The scoop contains match data at scan_buf of length scan_pos. This function processes that match data, returning RS_DONE if it completes, or RS_BLOCKED if it gets blocked. After it completes scan_pos is reset to still point at the next unscanned data.

This function currently just removes data from the scoop and adjusts scan_pos appropriately. In the future this could be used for something like context compressing of miss data. Note that it also calls rs_tube_catchup to output any pending output.

Definition at line 332 of file delta.c.

◆ rs_processmiss()

static rs_result rs_processmiss ( rs_job_t job)
inlinestatic

Process miss data in the scoop.

The scoop contains miss data at scan_buf of length scan_pos. This function processes that miss data, returning RS_DONE if it completes, or RS_BLOCKED if it gets blocked. After it completes scan_pos is reset to still point at the next unscanned data.

This function uses rs_tube_copy to queue copying from the scoop into output. and uses rs_tube_catchup to do the copying. This automaticly removes data from the scoop, but this can block. While rs_tube_catchup is blocked, scan_pos does not point at legit data, so scanning can also not proceed.

In the future this could do compression of miss data before outputing it.

Definition at line 355 of file delta.c.

◆ rs_delta_s_slack()

static rs_result rs_delta_s_slack ( rs_job_t job)
static

State function that does a slack delta containing only literal data to recreate the input.

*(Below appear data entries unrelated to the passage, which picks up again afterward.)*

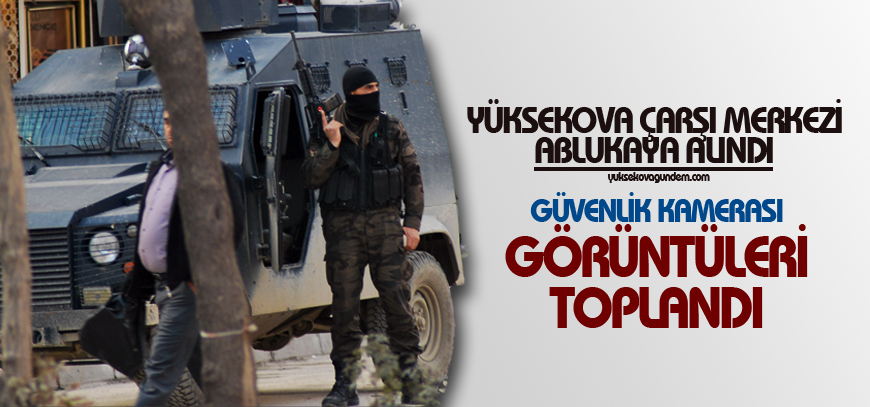 Polis Güvenlik Kamerası Görüntülerini Topladı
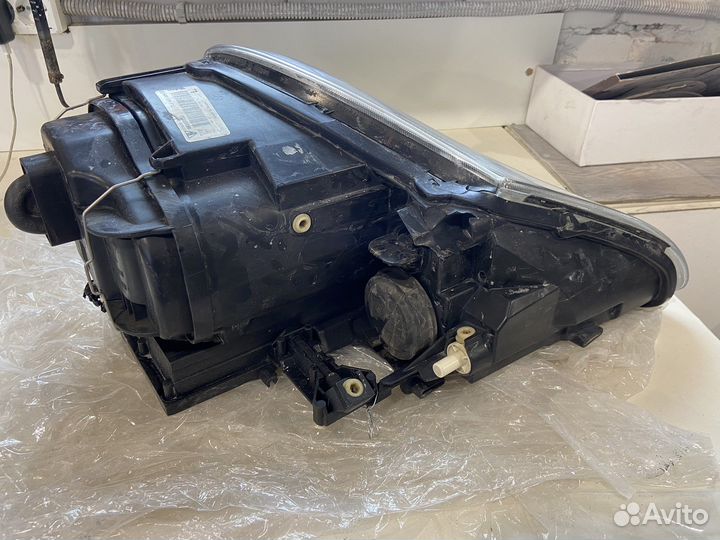 Фара левая porsche cayenne 955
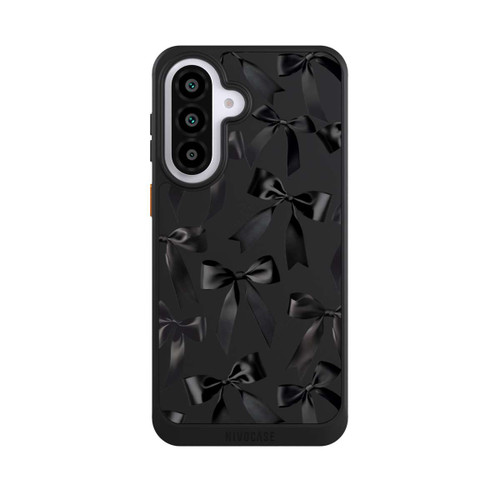 Samsung Galaxy A57 5G NIVOcore Schwarze Satinschleifen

Definition at line 367 of file delta.c.

◆ rs_delta_s_header()

static rs_result rs_delta_s_header ( rs_job_t job)
static

State function for writing out the header of the encoding job.

Definition at line 384 of file delta.c.

◆ rs_delta_begin()

rs_job_t * rs_delta_begin ( rs_signature_t sig)

Prepare to compute a streaming delta.

Todo:
Add a version of this that takes a rs_magic_number controlling the delta format.

Definition at line 396 of file delta.c.